## Data for analysis:

☆ ☆ ☆

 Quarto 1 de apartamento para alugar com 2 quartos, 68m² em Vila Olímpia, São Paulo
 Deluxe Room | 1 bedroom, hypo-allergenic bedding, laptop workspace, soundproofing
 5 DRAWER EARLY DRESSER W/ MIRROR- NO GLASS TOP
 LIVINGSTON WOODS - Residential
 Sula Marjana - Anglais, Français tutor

☆ ☆ ☆

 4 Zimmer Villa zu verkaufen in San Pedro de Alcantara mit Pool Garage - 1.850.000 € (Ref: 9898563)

☆ ☆ ☆

## Work order:
Reproduce exactly the section above that begins at the line containing "5 DRAWER EARLY" and ends at the line containing "Sula Marjana - Anglais, Français tutor", leaving out all other lines.

## Response to the task:
 5 DRAWER EARLY DRESSER W/ MIRROR- NO GLASS TOP
 LIVINGSTON WOODS - Residential
 Sula Marjana - Anglais, Français tutor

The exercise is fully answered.